When computer vision algorithms like Convolutional Neural Networks (CNNs), Autoencoders, and Feature Detection and Matching are used to process and extract meaningful information from visual data such as videos and images, computer vision data is birthed.
The resulting data is applicable in priceless industrial applications like autonomous vehicles, object detection, facial recognition, and image recognition.
However, dealing with the storage and management of large volumes of computer vision data has its challenges. This article highlights these challenges, practical solutions, and the value of ReductStore in handling computer vision data.
Challenges:
- Data Volume and Velocity: To effectively train computer vision models, one requires massive datasets. Also, the constant data stream generated by real-time applications requires prompt storage and processing.
- Data Variety and Complexity: Data exists in diverse formats like point clouds, videos, and images that vary in frame rates and resolutions. Additionally, each data point associated with metadata like labels, location, and timestamp are a non-optional consideration.
- Data Accessibility and Retrieval: Over time, data integrity and durability needs to be measured on the basis of how efficient is the retrieval mechanism of specific data points in regards to criteria like location and time.
- Data Security and Privacy: Sensitive data should be safe from unauthorized access through the implementation of robust security measures that neutralize data breaches.
Known Practical Strategies for Storing Computer Vision Data:
The challenges arising from handling the storage of computer vision data can be addressed by the following effective industrial storage strategies:
- Cloud-based object storage: Solutions like Amazon S3 and Google Cloud Storage offer highly durable and scalable storage for images and videos data. Azure Blob Storage encompasses various storage tiers depending on the needed performance and cost requirement. These solutions are easy to scale (storage capacity), durable due to built-in redundancy, secure through encryptions and access control, and seamlessly integrate with other cloud services.
- Dedicated Data Lakes: Solutions like Hadoop Distributed File System (HDFS), Apache Parquet, and Apache ORC are scalable in handling large data sets, flexible through their support for various query patterns and data formats, and cost-effective due to on-premise deployment support.
- Specialized Computer Vision Data Platforms: Solutions like Clarifai not only support storage and management of training data but also provide the means to build, train, and deploy custom computer vision models. When data labeling and annotation are a requirement, a solution like LabelBox takes the center stage (often collaborating with object storage solutions).
Why ReductStore?
When it comes to the storage and management of computer vision data, the time-series object store attribute of ReductStore offers several advantages:
- Efficient Storage: You do not have to worry about storage costs as it notably reduces due to ReductStore ability to significantly compress data. In regards to the storage of large objects like videos and images, ReductStore is perfectly optimized for such needs.

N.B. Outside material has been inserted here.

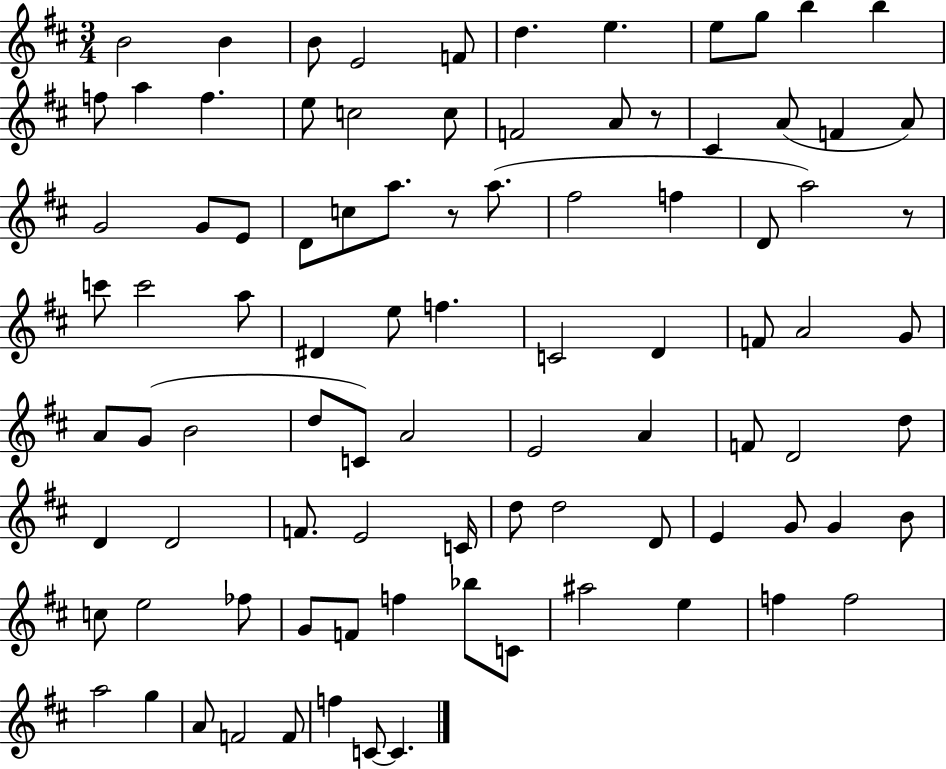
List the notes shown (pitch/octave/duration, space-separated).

- Time-Series Capabilities: Time-based queries and analysis are valid through timestamping as each video or image is timestamped on arrival. Also, the storage and retrieval of multiple image versions is possible as versioning helps in model training and tracking changes.
- Scalability: ReductStore is able to handle increasing data volumes due to its horizontal scaling attribute. Also, if high availability or easy scaling is among your ReductStore requirements, you can deploy it on a cloud platform of your preference.
- Security: Through its flexible encryption measures, data security is attained whether data is in transit or at rest. Sensitive data protection implementation is possible through granular access control.
ReductStore for Computer Vision Data Storage
To highlight the effectiveness of ReductStore in handling computer vision data, consider the following:
- Data Collection and Prepossessing: You can either collect real-world data from sources like web scrapping or cameras, generate synthetic data via StyleGAN or SimCLR tools, or use preprocessing techniques like augmentation, normalization, and resizing.
- Data Storage in ReductStore: Each data sample is assigned a timestamp and organized into batches for storage and retrieval efficiency. Each stored data is attributed with relevant metadata like source, format, and image resolution.
- Data Retrieval and Analysis: ReductStore’s API permits efficient retrieval of data based on criteria like timestamps. The retrieved data undergoes analysis via tools like OpenCV, PyTorch, and TensorFlow. At this stage, stored data is ready for computer vision model training. From here, trained models are ready for deployment to make new data predictions.
Conclusion
AI/ML practitioners, data engineers, and computer vision developers have a lot to gain from the efficiency of ReductStore in its effective computer vision data storage, retrieval, and analysis. Leveraging ReductStore’s capabilities effectively addresses challenges related to handling large volumes of computer vision data. Conquering these storage challenges fuels organizations to their full potential leading to inevitable innovation drives in AI and machine learning.